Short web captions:
____________
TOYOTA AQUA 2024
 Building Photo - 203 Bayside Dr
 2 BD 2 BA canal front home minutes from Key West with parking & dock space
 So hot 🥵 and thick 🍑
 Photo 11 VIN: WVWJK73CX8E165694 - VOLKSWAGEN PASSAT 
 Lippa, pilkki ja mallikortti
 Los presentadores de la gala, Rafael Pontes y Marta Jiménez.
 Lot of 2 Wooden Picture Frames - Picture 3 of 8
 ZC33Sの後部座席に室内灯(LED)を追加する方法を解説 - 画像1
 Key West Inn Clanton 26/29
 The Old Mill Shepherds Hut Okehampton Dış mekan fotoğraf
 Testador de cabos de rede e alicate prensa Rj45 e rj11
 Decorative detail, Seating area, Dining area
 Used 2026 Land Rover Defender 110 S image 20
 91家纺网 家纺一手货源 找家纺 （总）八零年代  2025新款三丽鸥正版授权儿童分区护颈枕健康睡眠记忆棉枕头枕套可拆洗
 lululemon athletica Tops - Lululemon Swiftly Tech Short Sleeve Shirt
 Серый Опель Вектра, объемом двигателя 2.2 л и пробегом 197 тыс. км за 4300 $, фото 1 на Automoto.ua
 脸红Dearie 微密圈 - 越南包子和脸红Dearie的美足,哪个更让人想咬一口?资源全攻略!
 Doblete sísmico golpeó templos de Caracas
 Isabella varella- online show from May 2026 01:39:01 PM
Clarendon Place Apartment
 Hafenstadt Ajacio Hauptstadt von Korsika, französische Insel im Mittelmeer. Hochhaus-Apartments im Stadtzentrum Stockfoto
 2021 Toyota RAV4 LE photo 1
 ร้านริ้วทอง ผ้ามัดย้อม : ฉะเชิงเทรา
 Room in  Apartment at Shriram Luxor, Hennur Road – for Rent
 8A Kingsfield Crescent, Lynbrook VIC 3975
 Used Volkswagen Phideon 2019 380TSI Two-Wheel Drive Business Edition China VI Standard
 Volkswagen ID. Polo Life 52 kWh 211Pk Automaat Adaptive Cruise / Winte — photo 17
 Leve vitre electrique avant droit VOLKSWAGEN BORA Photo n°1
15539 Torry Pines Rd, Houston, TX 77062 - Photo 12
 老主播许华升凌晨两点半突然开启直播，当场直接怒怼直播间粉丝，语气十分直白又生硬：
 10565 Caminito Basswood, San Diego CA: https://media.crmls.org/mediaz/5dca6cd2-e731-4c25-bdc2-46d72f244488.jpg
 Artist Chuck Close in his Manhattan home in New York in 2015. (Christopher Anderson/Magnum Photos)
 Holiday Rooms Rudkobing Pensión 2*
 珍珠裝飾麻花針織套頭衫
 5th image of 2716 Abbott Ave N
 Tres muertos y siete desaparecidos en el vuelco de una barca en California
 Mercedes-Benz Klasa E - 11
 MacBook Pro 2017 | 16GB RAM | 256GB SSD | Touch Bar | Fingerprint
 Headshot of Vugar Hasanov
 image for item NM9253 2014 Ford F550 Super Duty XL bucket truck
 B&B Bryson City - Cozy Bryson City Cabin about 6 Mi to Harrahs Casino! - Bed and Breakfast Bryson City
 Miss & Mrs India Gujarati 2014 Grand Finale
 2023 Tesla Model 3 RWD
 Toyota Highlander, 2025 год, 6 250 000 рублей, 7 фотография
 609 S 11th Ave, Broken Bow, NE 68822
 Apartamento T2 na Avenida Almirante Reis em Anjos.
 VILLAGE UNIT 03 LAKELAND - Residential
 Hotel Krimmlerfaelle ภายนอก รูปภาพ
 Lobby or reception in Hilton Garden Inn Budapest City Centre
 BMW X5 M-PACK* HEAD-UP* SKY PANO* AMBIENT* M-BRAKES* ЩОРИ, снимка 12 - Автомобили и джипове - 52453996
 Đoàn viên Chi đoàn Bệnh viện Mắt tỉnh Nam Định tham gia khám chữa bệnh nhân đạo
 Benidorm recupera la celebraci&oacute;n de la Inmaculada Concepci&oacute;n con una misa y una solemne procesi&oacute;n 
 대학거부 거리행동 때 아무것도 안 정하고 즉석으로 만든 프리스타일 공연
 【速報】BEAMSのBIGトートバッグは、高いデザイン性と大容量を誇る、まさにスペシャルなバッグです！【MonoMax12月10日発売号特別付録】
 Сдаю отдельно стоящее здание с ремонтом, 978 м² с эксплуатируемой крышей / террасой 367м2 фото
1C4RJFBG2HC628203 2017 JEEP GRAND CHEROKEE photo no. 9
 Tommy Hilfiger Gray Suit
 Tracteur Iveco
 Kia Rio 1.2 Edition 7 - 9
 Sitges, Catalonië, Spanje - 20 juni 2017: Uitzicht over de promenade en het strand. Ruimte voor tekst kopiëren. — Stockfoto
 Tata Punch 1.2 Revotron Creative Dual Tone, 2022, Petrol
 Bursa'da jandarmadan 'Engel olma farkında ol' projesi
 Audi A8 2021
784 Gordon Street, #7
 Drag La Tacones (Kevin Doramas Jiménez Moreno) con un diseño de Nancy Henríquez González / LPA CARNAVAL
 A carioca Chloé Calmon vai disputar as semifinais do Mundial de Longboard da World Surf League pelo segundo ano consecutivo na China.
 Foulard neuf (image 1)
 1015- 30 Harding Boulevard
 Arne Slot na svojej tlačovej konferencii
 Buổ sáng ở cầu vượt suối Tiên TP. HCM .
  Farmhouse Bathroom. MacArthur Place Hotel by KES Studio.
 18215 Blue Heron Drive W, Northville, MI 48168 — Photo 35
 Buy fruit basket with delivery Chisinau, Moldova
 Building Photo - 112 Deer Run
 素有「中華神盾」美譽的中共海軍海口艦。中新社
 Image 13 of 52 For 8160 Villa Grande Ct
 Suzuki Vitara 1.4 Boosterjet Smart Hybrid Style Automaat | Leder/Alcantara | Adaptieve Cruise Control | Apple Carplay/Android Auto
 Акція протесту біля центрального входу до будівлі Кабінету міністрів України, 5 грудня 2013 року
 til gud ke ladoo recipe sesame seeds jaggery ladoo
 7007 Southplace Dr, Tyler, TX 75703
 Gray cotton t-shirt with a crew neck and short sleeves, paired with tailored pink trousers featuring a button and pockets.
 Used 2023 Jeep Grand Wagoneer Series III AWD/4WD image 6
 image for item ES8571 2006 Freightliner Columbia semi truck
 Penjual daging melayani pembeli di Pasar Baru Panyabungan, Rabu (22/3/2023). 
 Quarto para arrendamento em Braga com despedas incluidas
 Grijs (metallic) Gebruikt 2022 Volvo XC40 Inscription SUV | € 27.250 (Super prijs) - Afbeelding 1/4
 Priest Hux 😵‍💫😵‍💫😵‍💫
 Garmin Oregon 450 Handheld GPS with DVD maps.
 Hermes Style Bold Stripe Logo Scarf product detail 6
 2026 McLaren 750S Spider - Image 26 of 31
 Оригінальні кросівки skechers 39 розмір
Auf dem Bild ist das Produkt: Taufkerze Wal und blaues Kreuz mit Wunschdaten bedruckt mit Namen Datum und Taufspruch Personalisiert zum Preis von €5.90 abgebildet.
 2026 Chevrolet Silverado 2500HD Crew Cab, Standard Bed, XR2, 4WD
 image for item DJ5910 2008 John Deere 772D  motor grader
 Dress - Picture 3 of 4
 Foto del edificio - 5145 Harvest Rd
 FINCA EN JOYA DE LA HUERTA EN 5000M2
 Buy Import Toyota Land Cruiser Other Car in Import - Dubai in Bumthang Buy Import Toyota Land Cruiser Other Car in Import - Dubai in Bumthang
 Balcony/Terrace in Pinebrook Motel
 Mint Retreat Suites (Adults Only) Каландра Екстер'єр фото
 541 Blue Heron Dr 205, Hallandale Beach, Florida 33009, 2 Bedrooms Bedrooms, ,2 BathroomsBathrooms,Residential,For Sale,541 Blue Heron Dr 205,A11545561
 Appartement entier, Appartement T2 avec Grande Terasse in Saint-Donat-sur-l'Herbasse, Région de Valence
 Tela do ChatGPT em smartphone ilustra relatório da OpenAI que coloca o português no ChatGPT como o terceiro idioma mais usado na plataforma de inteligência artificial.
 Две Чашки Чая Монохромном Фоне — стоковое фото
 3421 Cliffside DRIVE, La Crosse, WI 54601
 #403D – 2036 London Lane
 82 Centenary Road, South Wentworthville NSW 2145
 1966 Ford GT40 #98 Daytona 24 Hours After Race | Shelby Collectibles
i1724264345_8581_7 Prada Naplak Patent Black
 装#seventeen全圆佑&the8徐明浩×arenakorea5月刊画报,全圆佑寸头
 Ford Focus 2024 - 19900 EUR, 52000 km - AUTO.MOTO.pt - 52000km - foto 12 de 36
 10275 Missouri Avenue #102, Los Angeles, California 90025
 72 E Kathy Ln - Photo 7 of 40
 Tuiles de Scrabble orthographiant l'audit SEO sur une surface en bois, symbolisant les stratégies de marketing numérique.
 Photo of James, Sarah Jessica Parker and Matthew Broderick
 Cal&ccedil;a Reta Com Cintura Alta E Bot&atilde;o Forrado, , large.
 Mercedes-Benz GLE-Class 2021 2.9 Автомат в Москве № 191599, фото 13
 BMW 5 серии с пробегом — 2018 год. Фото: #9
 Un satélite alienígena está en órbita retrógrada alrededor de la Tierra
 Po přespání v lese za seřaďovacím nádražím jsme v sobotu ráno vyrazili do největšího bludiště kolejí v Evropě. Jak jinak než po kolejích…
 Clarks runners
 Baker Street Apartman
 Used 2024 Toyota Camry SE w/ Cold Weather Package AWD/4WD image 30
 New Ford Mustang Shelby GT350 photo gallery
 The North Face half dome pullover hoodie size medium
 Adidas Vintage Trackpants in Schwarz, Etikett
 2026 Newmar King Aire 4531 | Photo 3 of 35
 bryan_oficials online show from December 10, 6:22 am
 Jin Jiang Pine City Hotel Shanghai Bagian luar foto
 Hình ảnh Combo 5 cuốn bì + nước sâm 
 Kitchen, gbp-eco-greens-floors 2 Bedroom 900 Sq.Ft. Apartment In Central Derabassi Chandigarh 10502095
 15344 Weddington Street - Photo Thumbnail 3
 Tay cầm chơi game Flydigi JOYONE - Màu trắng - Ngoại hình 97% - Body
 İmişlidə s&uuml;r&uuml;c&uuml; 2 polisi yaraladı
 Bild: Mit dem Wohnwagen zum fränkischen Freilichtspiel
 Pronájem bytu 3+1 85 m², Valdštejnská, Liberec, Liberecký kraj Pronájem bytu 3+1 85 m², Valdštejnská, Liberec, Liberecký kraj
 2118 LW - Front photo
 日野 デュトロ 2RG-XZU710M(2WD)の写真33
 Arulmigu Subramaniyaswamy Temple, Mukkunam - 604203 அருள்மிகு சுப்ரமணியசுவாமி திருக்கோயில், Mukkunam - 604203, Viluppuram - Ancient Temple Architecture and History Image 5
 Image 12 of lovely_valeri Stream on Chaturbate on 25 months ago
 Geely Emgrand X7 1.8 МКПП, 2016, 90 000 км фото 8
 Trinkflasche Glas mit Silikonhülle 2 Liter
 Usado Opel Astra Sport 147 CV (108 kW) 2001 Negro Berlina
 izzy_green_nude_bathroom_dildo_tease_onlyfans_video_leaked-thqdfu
____________
What the exercise asks: From the records above, retype only the lines starting at the line that contains "Tracteur Iveco" and ending at the line that contains "image for item ES8571", both included.

Output below:
 Tracteur Iveco
 Kia Rio 1.2 Edition 7 - 9
 Sitges, Catalonië, Spanje - 20 juni 2017: Uitzicht over de promenade en het strand. Ruimte voor tekst kopiëren. — Stockfoto
 Tata Punch 1.2 Revotron Creative Dual Tone, 2022, Petrol
 Bursa'da jandarmadan 'Engel olma farkında ol' projesi
 Audi A8 2021
784 Gordon Street, #7
 Drag La Tacones (Kevin Doramas Jiménez Moreno) con un diseño de Nancy Henríquez González / LPA CARNAVAL
 A carioca Chloé Calmon vai disputar as semifinais do Mundial de Longboard da World Surf League pelo segundo ano consecutivo na China.
 Foulard neuf (image 1)
 1015- 30 Harding Boulevard
 Arne Slot na svojej tlačovej konferencii
 Buổ sáng ở cầu vượt suối Tiên TP. HCM .
  Farmhouse Bathroom. MacArthur Place Hotel by KES Studio.
 18215 Blue Heron Drive W, Northville, MI 48168 — Photo 35
 Buy fruit basket with delivery Chisinau, Moldova
 Building Photo - 112 Deer Run
 素有「中華神盾」美譽的中共海軍海口艦。中新社
 Image 13 of 52 For 8160 Villa Grande Ct
 Suzuki Vitara 1.4 Boosterjet Smart Hybrid Style Automaat | Leder/Alcantara | Adaptieve Cruise Control | Apple Carplay/Android Auto
 Акція протесту біля центрального входу до будівлі Кабінету міністрів України, 5 грудня 2013 року
 til gud ke ladoo recipe sesame seeds jaggery ladoo
 7007 Southplace Dr, Tyler, TX 75703
 Gray cotton t-shirt with a crew neck and short sleeves, paired with tailored pink trousers featuring a button and pockets.
 Used 2023 Jeep Grand Wagoneer Series III AWD/4WD image 6
 image for item ES8571 2006 Freightliner Columbia semi truck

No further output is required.